Em Memorial do Convento é maioritariamente heterodiegético, quanto à presença, e omnisciente, quanto à ciência/focalização. No que respeita à sua posição profere juízos de valor, opiniões, comentários e divagações pelo que, neste caso, é subjectivo.

Há, no entanto, momentos em que o narrador empresta a sua “voz” a diversas personagens, adoptando deste modo o seu ponto de vista (focalização interna).

O estatuto do narrador assume, por vezes, atitudes aparentemente contraditórias: por um lado, há uma tentativa de aproximação à época retratada não só através da reconstituição do ambiente vivido, mas também do vocabulário usado; e, por outro lado, há um distanciamento do narrador, perceptível no recurso a prolepses, à ironia e a uma actualização ao nível da linguagem. (por exemplo, a narração do cerimonial respeitante aos encontros sexuais entre o rei e a rainha, apesar de retratar o ritual próprio da época, reveste-se de extrema ironia, o que evidencia um narrador distanciado do tempo histórico apresentado.

No que diz respeito a actualizações ao nível do vocabulário, o narrador não só utiliza termos usado num tempo posterior ao da diegese, como os que se prendem com a aviação; mas também procura explicitar conceitos que, na actualidade, sofreram alterações como é o caso da denominação das refeições: passou a manhã, foi a hora de jantar, que é este o nome da refeição do meio-dia, não esqueçamos.

Trata-se, assim, de um narrador que se movimenta entre o passado, o presente e o futuro; detentor de um vasto conhecimento que lhe permite controlar a acção e as personagens.

NARRATÁRIO

O narratário surge no interior da narrativa, como entidade fictícia, a quem o narrador se dirige, explícita ou implicitamente.

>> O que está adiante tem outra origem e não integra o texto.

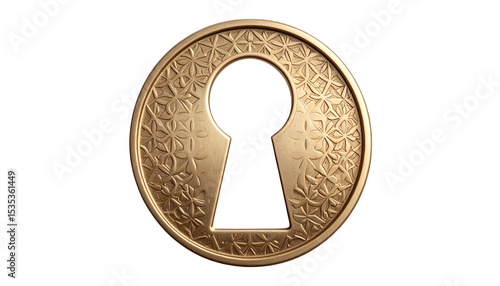 Golden keyhole design on transparent background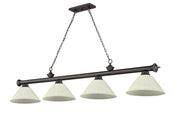 Cordon 4 Light 81.25" Billiard, Glass Shades (A) in Bronze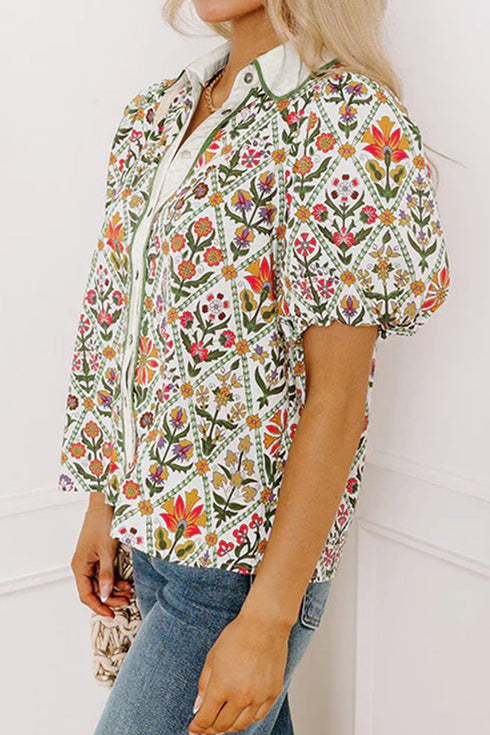 Short Bubble Sleeve Floral Print Contrast Trim Blouse
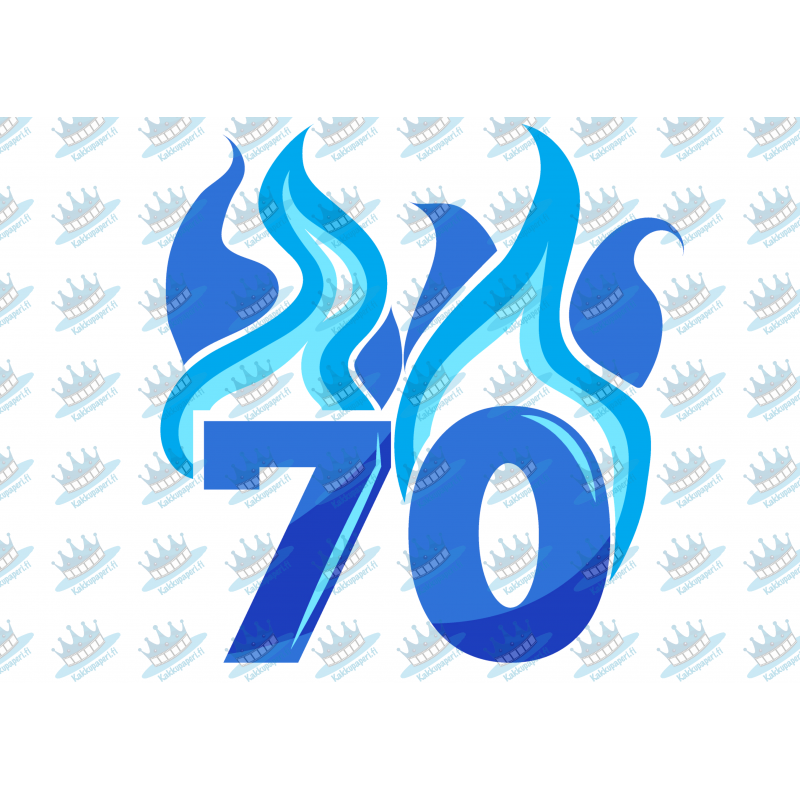 Flaming Blue Seventy - edible cake decoration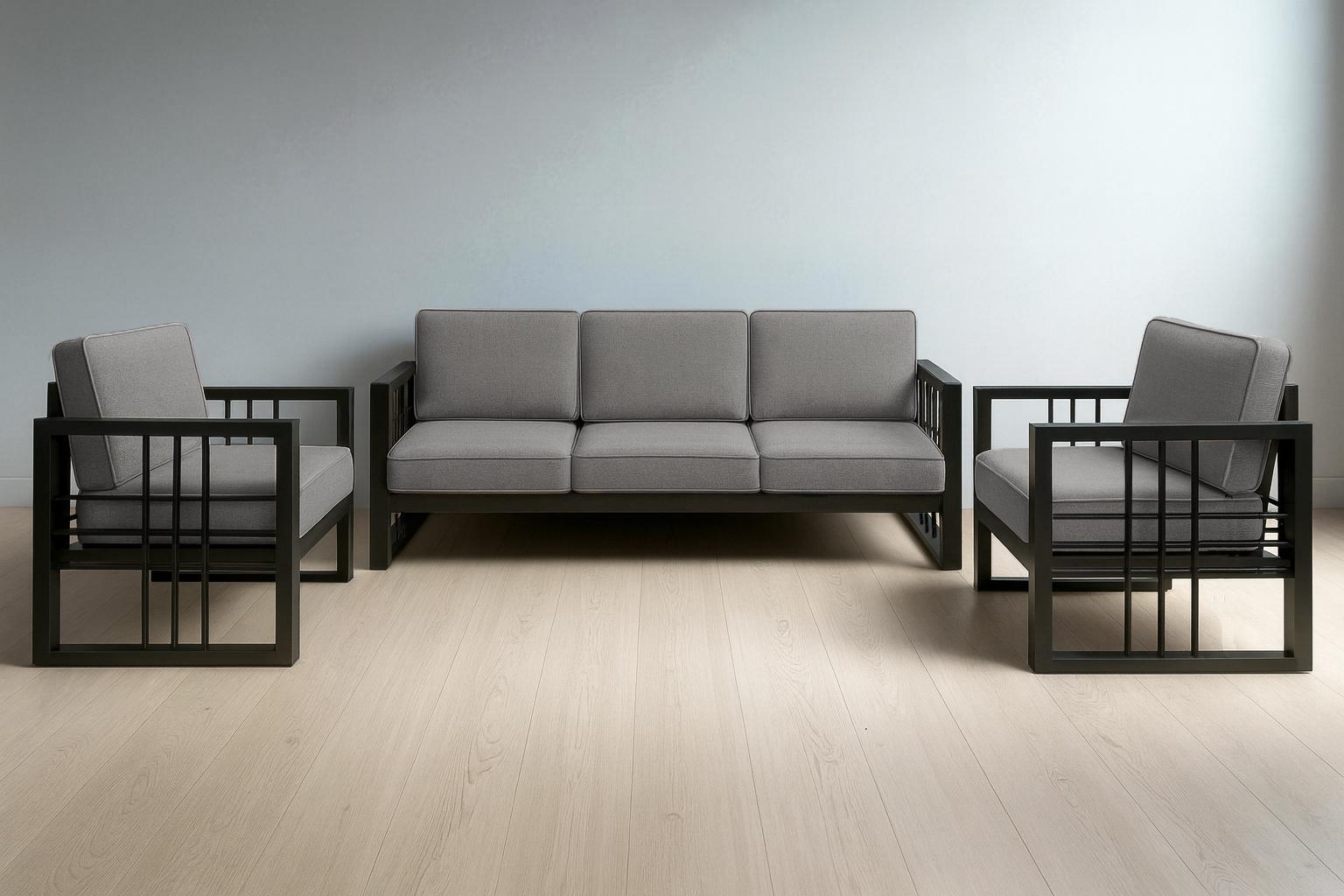 Комплект металлической мебели Tobi Sho Вердон/S12 рогожка с подушками 6 шт. 750х1600х700 мм Светло-серый/34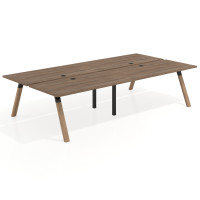 Mesa multipuesto UvePro Bench doble, fondo 166 cm, estructura negra/madera - NOCE SABI, 360x166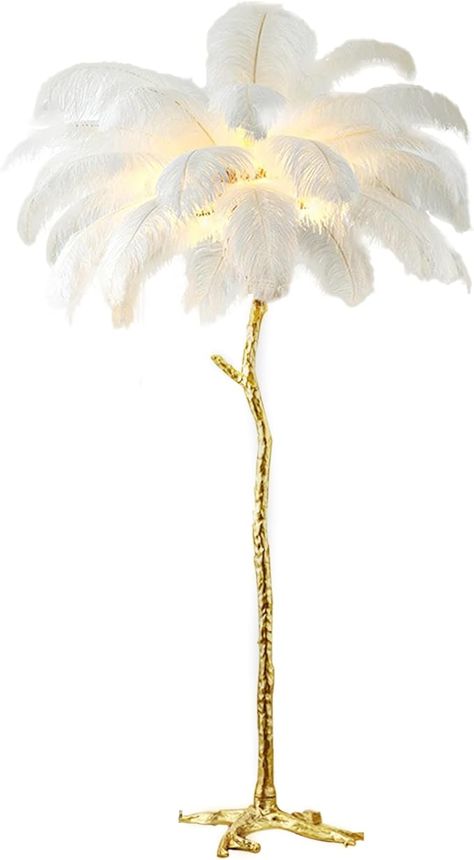 HCJIAJING Ostrich Feather Floor Lamp Modern Ostrich Feather LED Feather lamp Floor Lamp Dimmable Standing Feather Floor lamp for Living Room Bedroom（White） - Amazon.com Feather Lamps, Ostrich Feather Floor Lamp, Feather Floor Lamp, Color Palette Interior Design, Floor Lamp Modern, Floor Lamp For Living Room, Feather Lamp, Lamp Floor, Bedroom White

É, portanto, o destinatário da mensagem do narrador.

Ao longo do romance, há momentos em que transparece a ideia de que o narrador participa na acção, e outros em que o narrador envolve igualmente um tu, através do uso da primeira pessoa do plural que ora assume contornos de um eu nacional e/ou colectivo ora se trata claramente de uma interpelação a um narratário a quem dirige a sua mensagem.